Thesis projects can seem daunting at best, and Amy is no stranger to this feeling. To anyone feeling overwhelmed by their project or unsure where to start, she assures,

“Honestly, it was terrifying starting out. I'd never done original research beyond my middle school science projects. I didn't know a thing about the university research world. Dr. Coyne has been the best mentor because she really helped me get comfortable not knowing what I'm doing and just continuing to put in the effort to learn. She remembers what it was like doing research for her honors thesis for the first time, and she's done a lot to help me transition smoothly and also learn how to do each part on my own. My tip would be to find a fantastic mentor like Dr. Coyne. With the right mentor, you'll feel less like an imposter and more like a work in progress. Undergraduate research feels really intimidating, but it doesn't need to be. I started working on finding a mentor months before I started working with Dr. Coyne because I knew it was going to be important to find the right person who both supported me in my goals and had the skills, experience, and willingness to help me get there.”

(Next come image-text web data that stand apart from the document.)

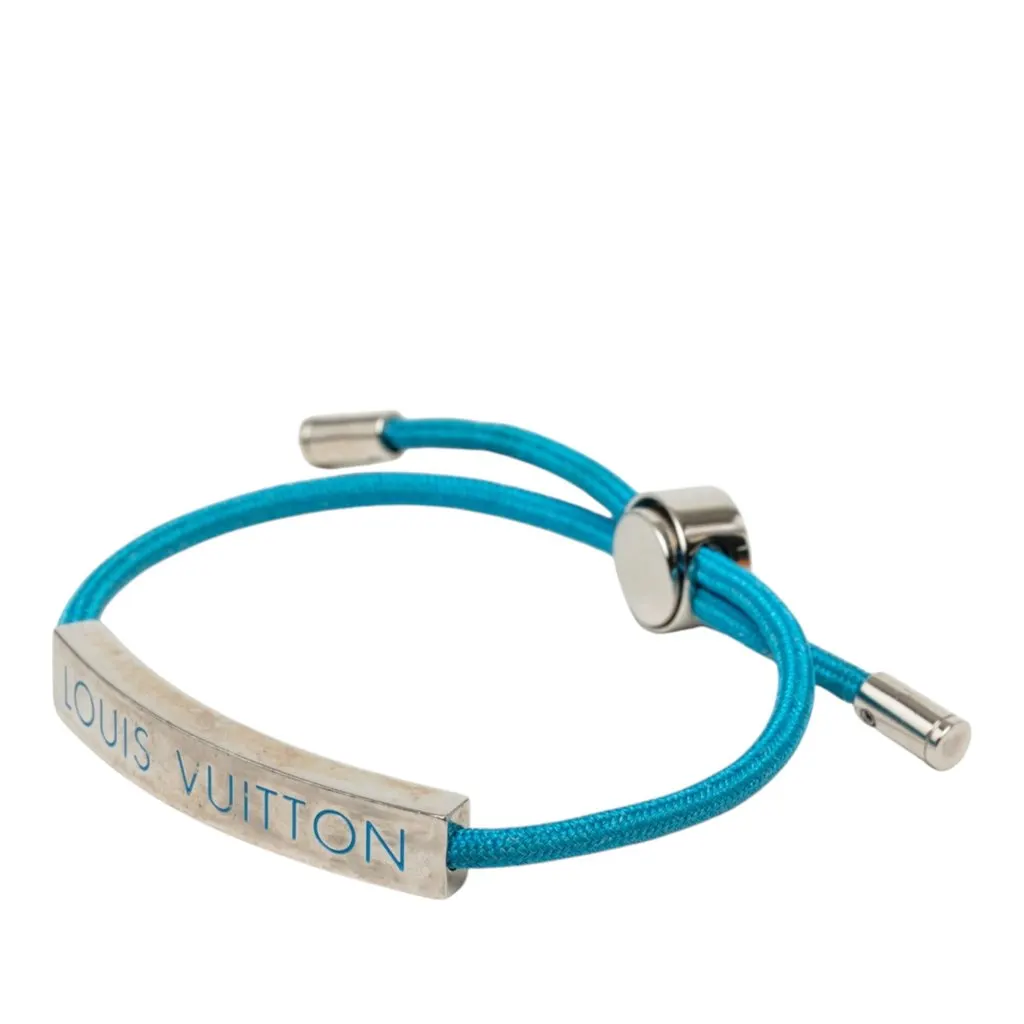 Louis Vuitton Nylon and Brass LV Space Bracelet Blue Very good - Back View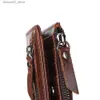 Money Clips Leather Men Wallets Free Name Engraving % Genuine Cow Leather Short Card Holder Men Purse Double Zipper Male Wallet Q230921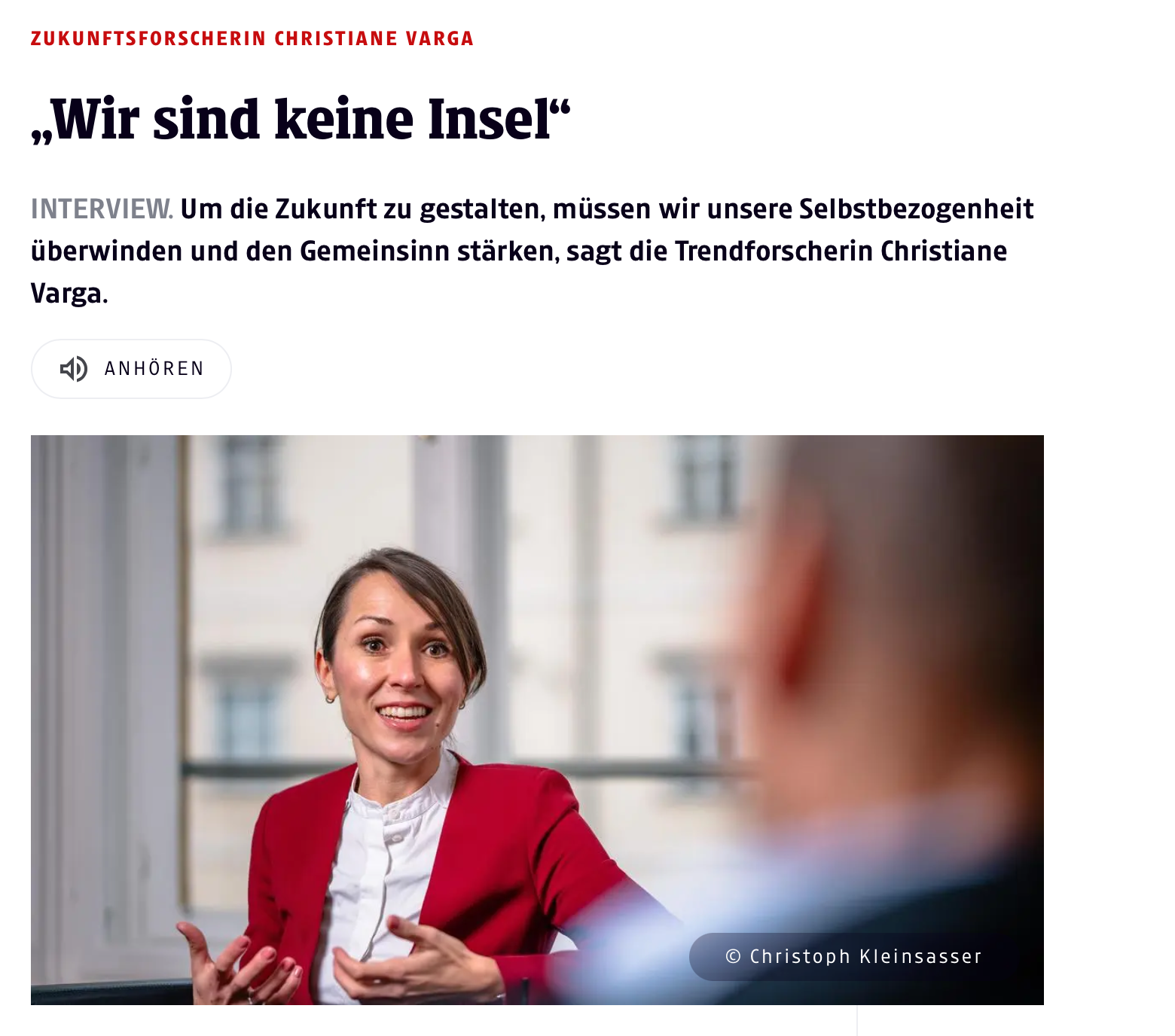 “Wir sind keine Insel”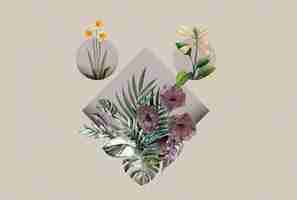 Free photo beautiful botanical collage design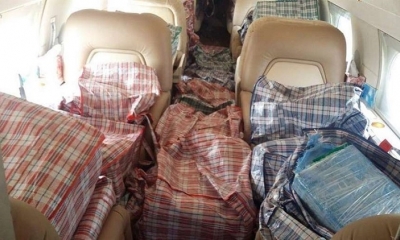 La droga se transportó en estos bolsones 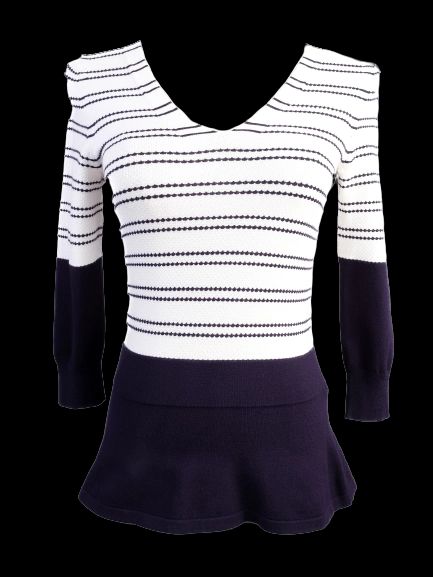 excellent karen millen women's striped sweater v-neck size 2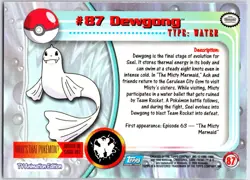 POKEMON TOPPS TRADING CARDS SERIES 2 DEWGONG #87 NON HOLO NM - Image 2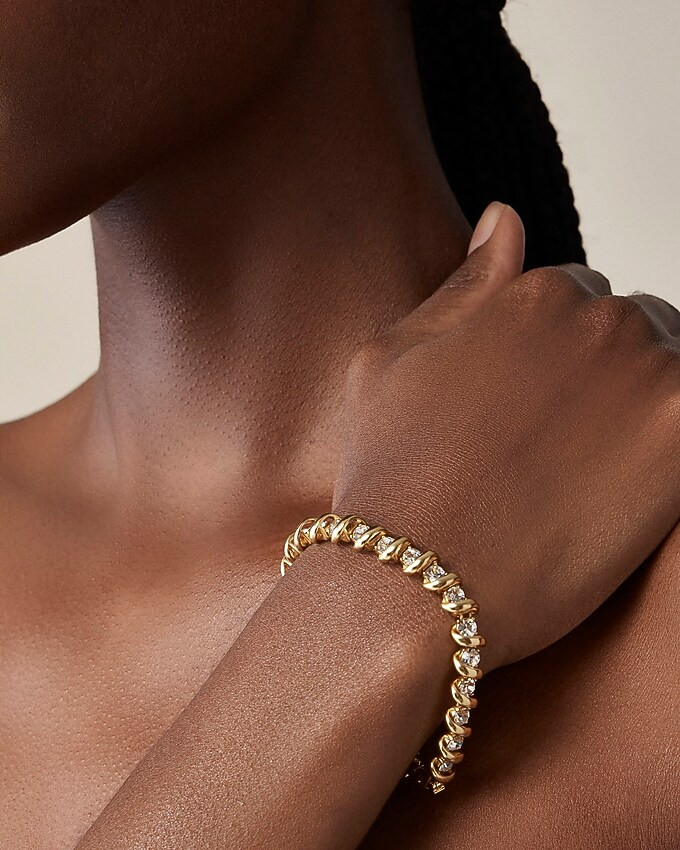 Crystal and gold-tone cubic zirconia tennis bracelet | J. Crew US
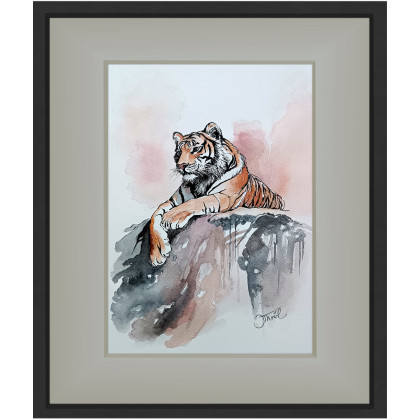 Joanna Tomczyk - obrazy akwarela - Tygrysie obserwacje, Akwarela 32x24 cm foto #4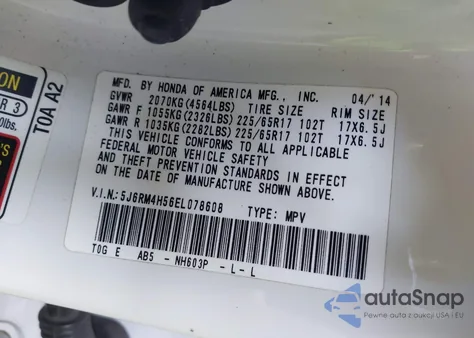 2014 Honda Cr-V Ex from USA, damaged, VIN 5J6RM4H56EL078608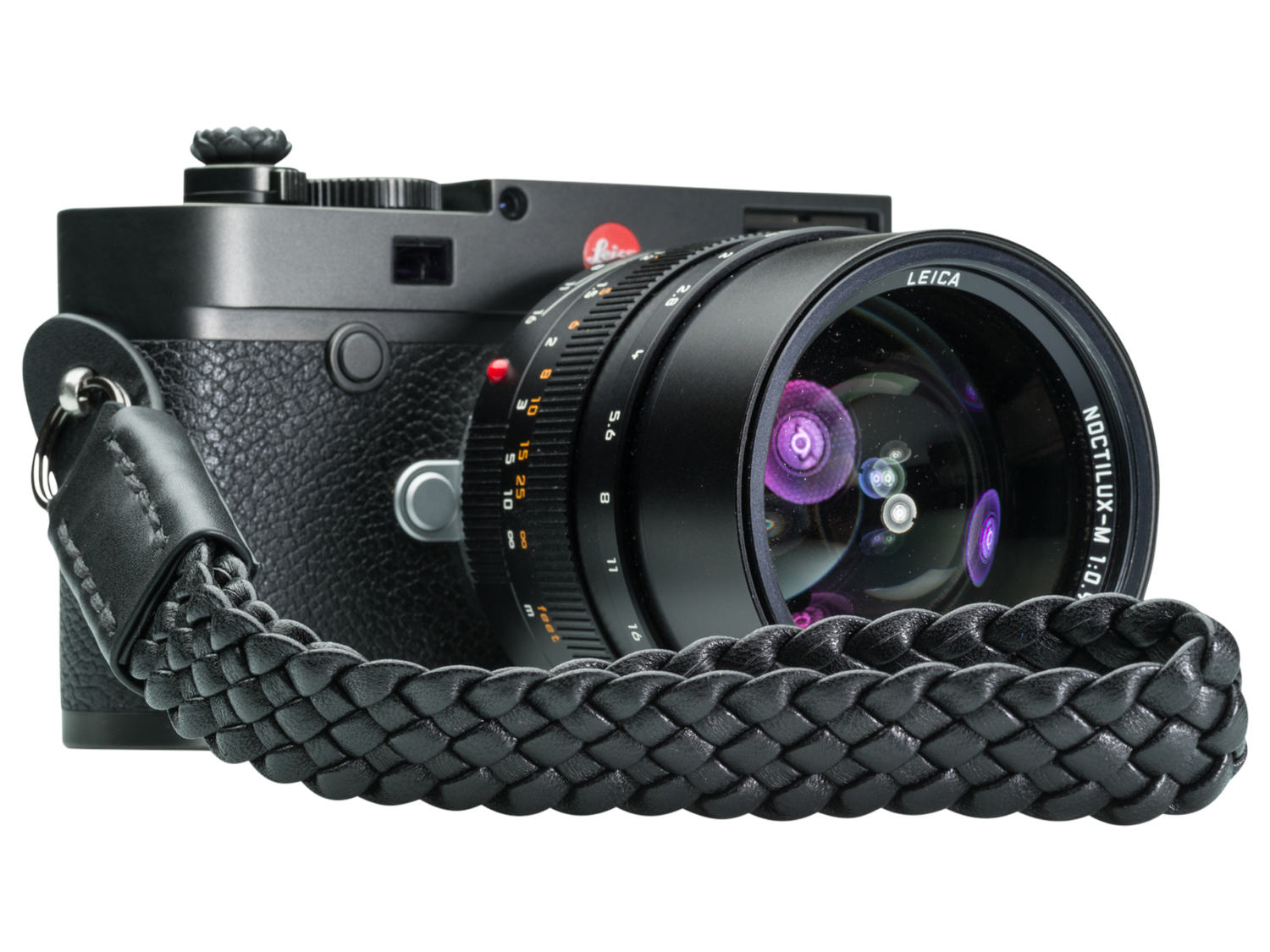 Lambskin Braided Camera Wrist Strap Luxury Black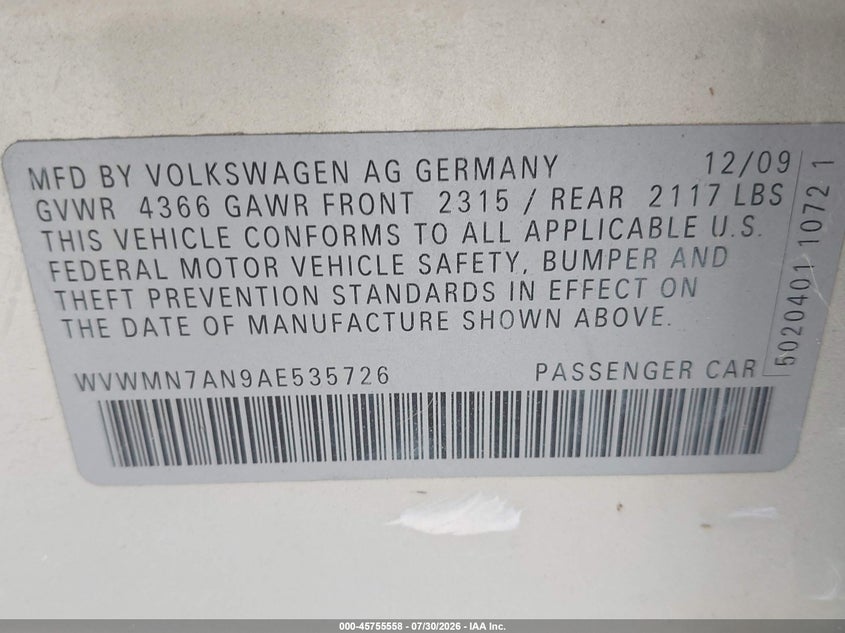 2010 Volkswagen Cc VIN WVWMN7AN9AE535726 IAAI salvage auction — NORMAL WEAR, Original (Texas), sold $300 on 2026-08-03 (photo 9)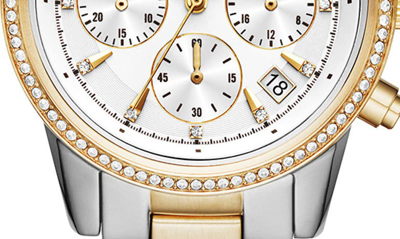 Shop Michael Kors Ritz Chronograph Bracelet Watch, 37mm In Silver/ White/ Gold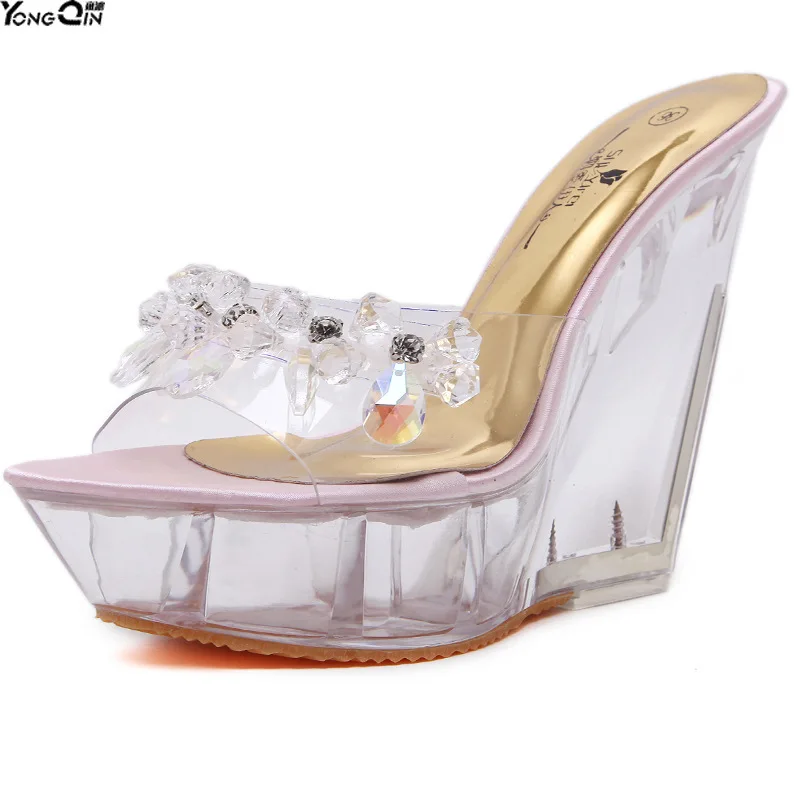 

Summer New Wedge Sandals Women High-heeled Crystal Shoes Wild Beaded Fish Mouth Women Sandals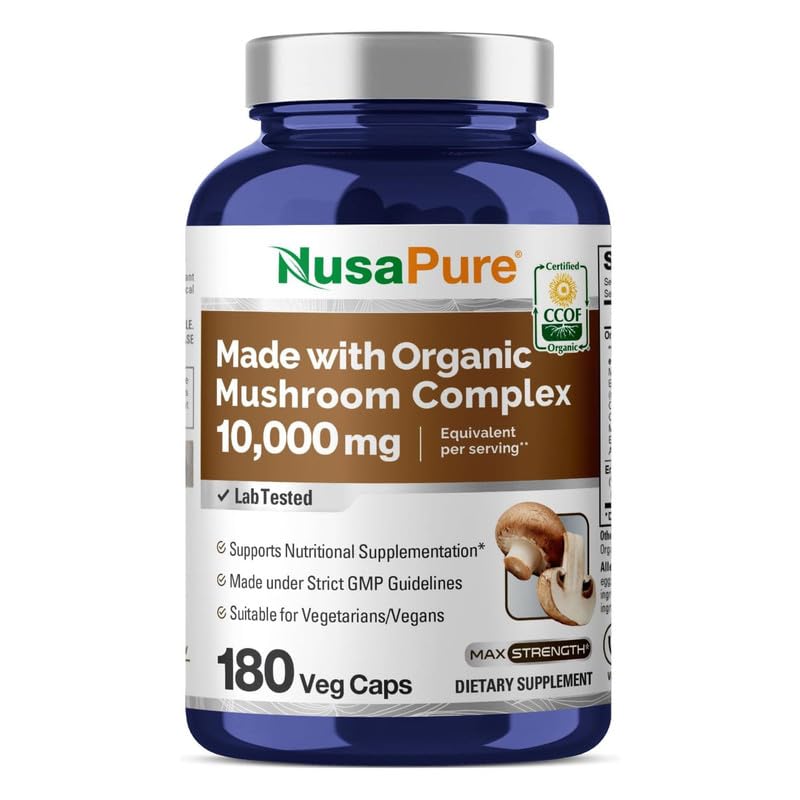 NusaPure Organic Mushroom Complex 10,000mg per Capsule, 180 Veggie Caps, Non-GMO, Enoki, Turkey Tail, Reishi, Chaga, Maitake NusaPure uk supplements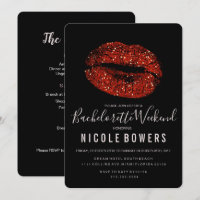 Bachelorette Red Lips Invitation Itinéraire Week-e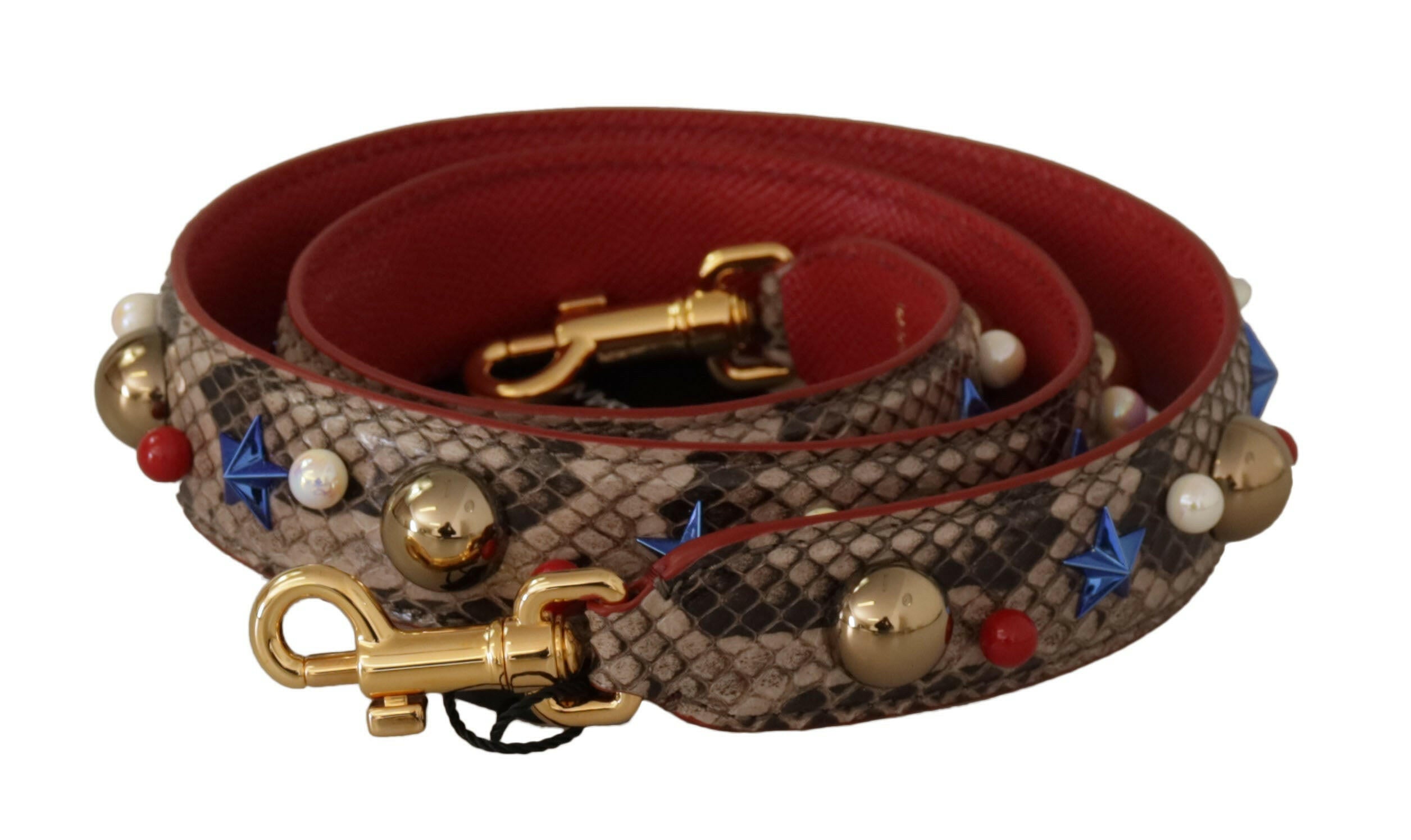 Dolce & Gabbana Brown Python Leather Studded Shoulder Strap.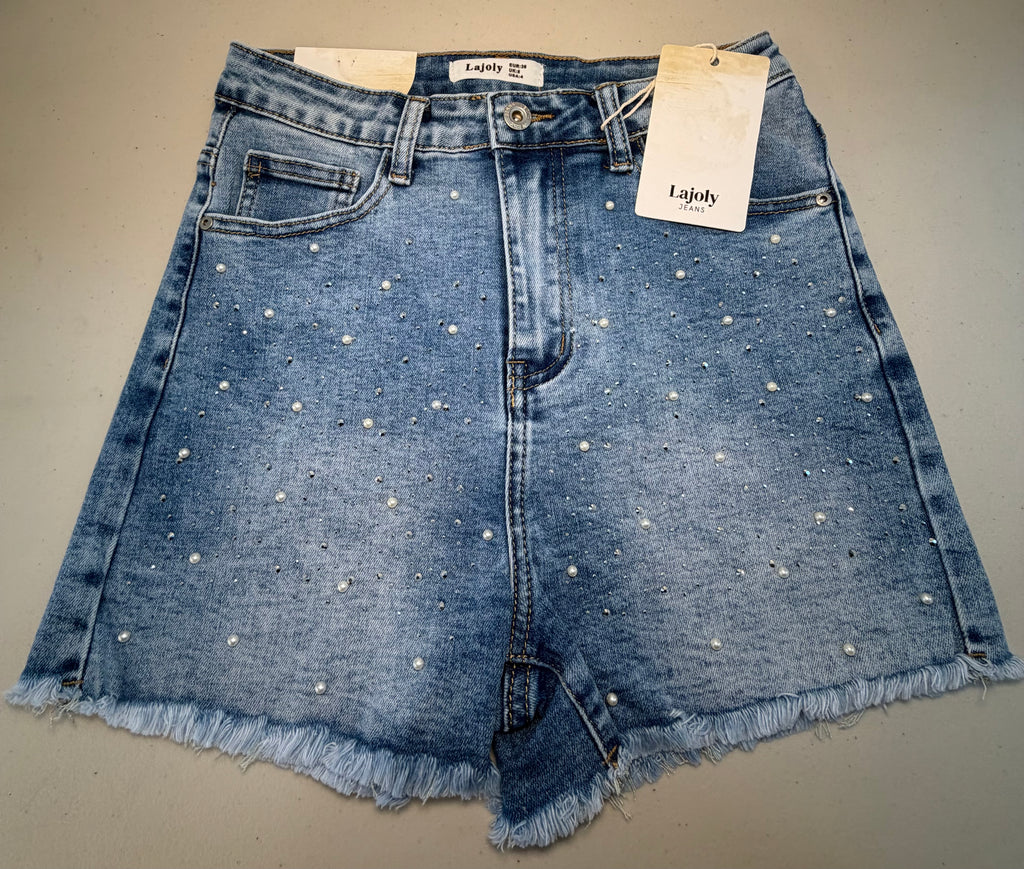 Diamond & Pearl Denim Shorts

Amy is from Highland, Utah and is the oldest of three kids. She loves hiking, camping, and paddle boarding. She and her husband recently adopted a dog named Scooter who is quite the busy body. When not with her husband or Scooter, Amy spends most of her time in the throes of thesis research. Her hobbies include signing up for projects that she doesn’t know how to do and floundering until she figures it out. She works for the International Center for Law and Religion Studies at the law school as their photographer and videographer. She grew up playing with cameras, so her decision to major in Journalism came naturally. She is planning to pursue graduate school to study media psychology while her husband completes his doctorate of physical therapy.

This year, Amy was recognized as a 2021 Statesmanship and Religious Freedom Fellow at the Museum of the Bible and the Religious Freedom Institute in Washington, D.C. She is a Monson scholar at BYU, and she served a mission from Jan 2018-July 2019. In 2017, she was selected as a finalist for the Regional Sterling Scholar Skilled & Technical Sciences Official Documentary Selection to the All-American Film Festival. Additionally, her “Amanda’s Wish” documentary with Make-a-Wish was a Selected Commercial during the 2017 Super Bowl LI. Her Commercial for Zero Fatalities on seatbelt use aired on Western markets in 2017 as well. Amy is a 2017 AXA Achievers Scholar, PMI Scholar & Presenter, Burger King Scholar, and Comcast Scholar.